Johannes der Täufer zeigt uns den Weg für uns Menschen in der Welt.
Gott ist mitten unter uns.
In jedem Menschen lässt er sich finden und entdecken.

Wir brauchen wie Johannes die Zeit in der „Wüste“, z. B. in der Stille, im Gebet, um einen Blick dafür zu entwickeln, wo wir Gott in der Welt entdecken. Ich kannte ihn nicht, aber ich habe ihn gesehen.

Wir brauchen Mut und Geduld, mit offenen Augen und einem wachen Herzen in die Welt zu blicken. Und wir dürfen an der Seite all derer gehen, die durch ihr Leben die Welt besser machen – einfach, aufmerksam, zugewandt, wohlwollend, liebend. All das ist Jesus.
All das ist das, worauf der Johannes der Täufer zeigt.

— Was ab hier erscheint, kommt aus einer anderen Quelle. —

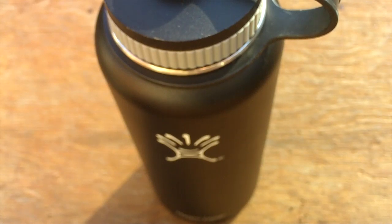Hey, this is Andrew from AJS Woodworks. I just wanted to do a short review of the Hydro Flask 40 ounce water bottle. I purchased this bottle a few weeks ago and just thought it was so good that I should make a review for it.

Seht das Lamm Gottes, das die Sünde der Welt hinwegnimmt.

Ganz am Anfang des Evangeliums nach Johannes steht damit schon das Programm für Jesu Leben und Wirken: Friedfertig, geisterfüllt, weltrettend, weil Sünde verwandelnd.

All das, was wir auch heute brauchen.

Friedfertig, geisterfüllt, weltrettend – so soll unser Leben sein.

Lassen Sie sich von Johannes dem Täufer den Weg zeigen oder zeigen Sie den anderen den Weg. Lassen Sie uns mit wachem Herzen und offenen Sinnen entdecken, wo wir aufgerufen sind und fähig, die Welt ein bisschen zu retten.